Ein unzufriedenes Kind ist sie in gewisser Weise bis heute und ich überlege oft, wie viel davon wohl Typsache sein mag, Charakter – oder doch erworben? Dass ich auf diese Frage keine Antwort erhalten werde, ist mir klar. Gesundheitlich hat sie heute keinerlei Einschränkungen. Ihre Eltern hat diese Zeit in jedem Fall sehr geprägt; das Schreien eines Babys (auch eines fremden) versetzt mich unmittelbar in die altbekannte Mischung aus Panik und Hilflosigkeit, was mir insbesondere den Umgang mit meiner zweiten Tochter sehr erschwerte.

Ich bin weit davon entfernt, betroffenen Eltern Ratschläge erteilen zu wollen.
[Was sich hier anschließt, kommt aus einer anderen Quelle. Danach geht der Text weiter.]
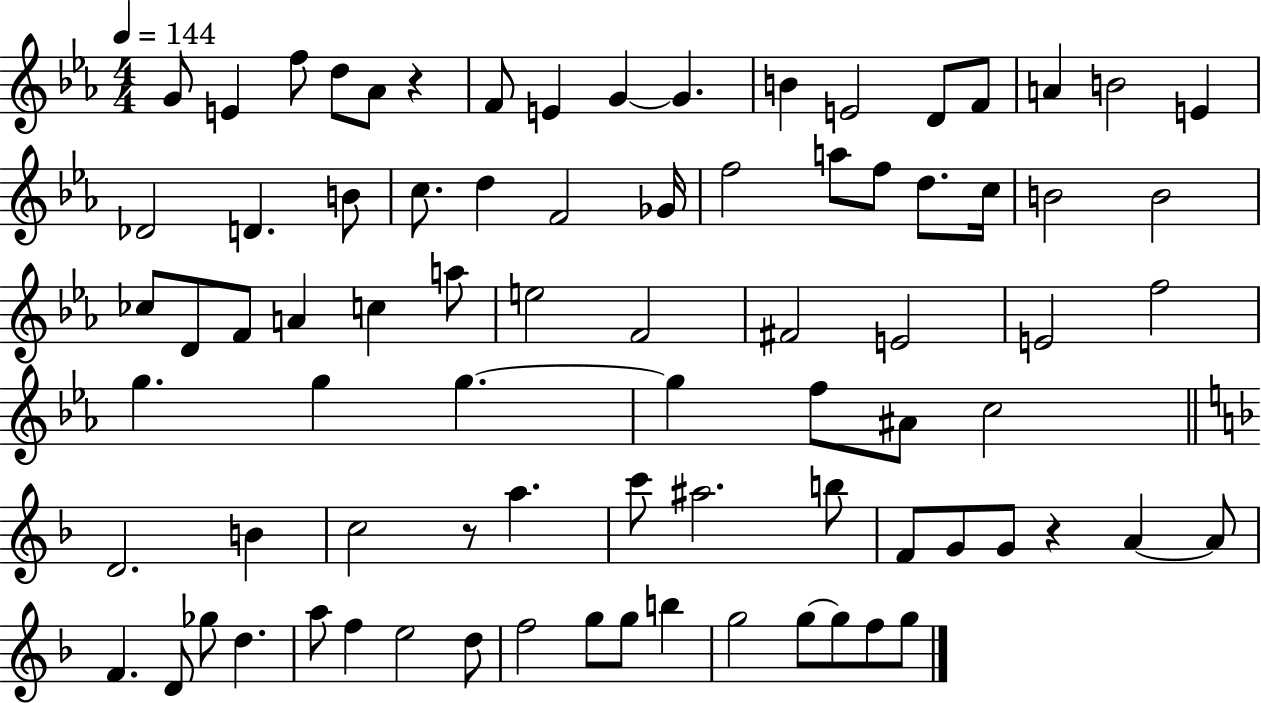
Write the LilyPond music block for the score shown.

Es ist mir ein Anliegen, unsere Geschichte zu erzählen, denn Stillen und Tragen und Osteopathen und Globuli sind nicht immer der heilige Gral.
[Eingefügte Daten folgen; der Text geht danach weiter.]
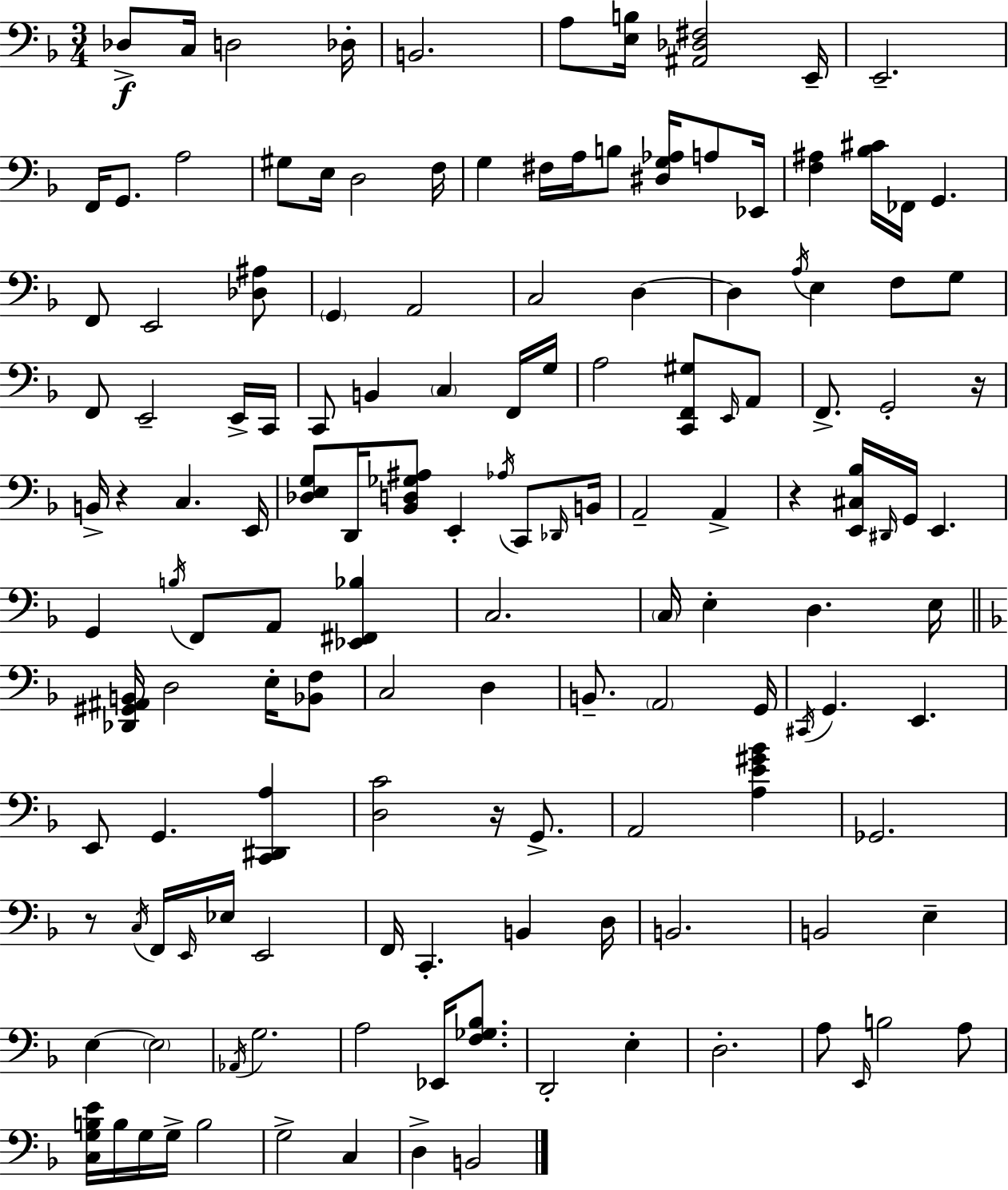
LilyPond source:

{
  \clef bass
  \numericTimeSignature
  \time 3/4
  \key d \minor
  \repeat volta 2 { des8->\f c16 d2 des16-. | b,2. | a8 <e b>16 <ais, des fis>2 e,16-- | e,2.-- | \break f,16 g,8. a2 | gis8 e16 d2 f16 | g4 fis16 a16 b8 <dis g aes>16 a8 ees,16 | <f ais>4 <bes cis'>16 fes,16 g,4. | \break f,8 e,2 <des ais>8 | \parenthesize g,4 a,2 | c2 d4~~ | d4 \acciaccatura { a16 } e4 f8 g8 | \break f,8 e,2-- e,16-> | c,16 c,8 b,4 \parenthesize c4 f,16 | g16 a2 <c, f, gis>8 \grace { e,16 } | a,8 f,8.-> g,2-. | \break r16 b,16-> r4 c4. | e,16 <des e g>8 d,16 <bes, d ges ais>8 e,4-. \acciaccatura { aes16 } | c,8 \grace { des,16 } b,16 a,2-- | a,4-> r4 <e, cis bes>16 \grace { dis,16 } g,16 e,4. | \break g,4 \acciaccatura { b16 } f,8 | a,8 <ees, fis, bes>4 c2. | \parenthesize c16 e4-. d4. | e16 \bar "||" \break \key f \major <des, gis, ais, b,>16 d2 e16-. <bes, f>8 | c2 d4 | b,8.-- \parenthesize a,2 g,16 | \acciaccatura { cis,16 } g,4. e,4. | \break e,8 g,4. <c, dis, a>4 | <d c'>2 r16 g,8.-> | a,2 <a e' gis' bes'>4 | ges,2. | \break r8 \acciaccatura { c16 } f,16 \grace { e,16 } ees16 e,2 | f,16 c,4.-. b,4 | d16 b,2. | b,2 e4-- | \break e4~~ \parenthesize e2 | \acciaccatura { aes,16 } g2. | a2 | ees,16 <f ges bes>8. d,2-. | \break e4-. d2.-. | a8 \grace { e,16 } b2 | a8 <c g b e'>16 b16 g16 g16-> b2 | g2-> | \break c4 d4-> b,2 | } \bar "|."
}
„Du kennst dein Kind. Du hast es neun Monate unter deinem Herzen getragen, und niemand – keine Stillberaterin, keine Hebamme, kein Außenstehender – kennt es so gut wie du. Höre auf dein Herz. Auf dein Gefühl. Und wenn dein Gefühl dir sagt, etwas stimmt nicht – dann stimmt etwas nicht. Was auch immer der Rest der Welt sagt. Und dann bleibe dran und suche eine Lösung.“

Worte, die mir von einer Beraterin gesagt wurden. Diese Worte tragen mich bis heute. Und schlussendlich sind sie das einzige, was zählt.

An dieser Stelle möchte ich mich von ganzem Herzen bei der Gastautorin bedanken. Sie möchte zu ihrem eigenen Schutz lieber anonym bleiben und ich finde es großartig, dass sie die Kraft und den Mut aufbrachte, diese Geschichte für uns aufzuschreiben.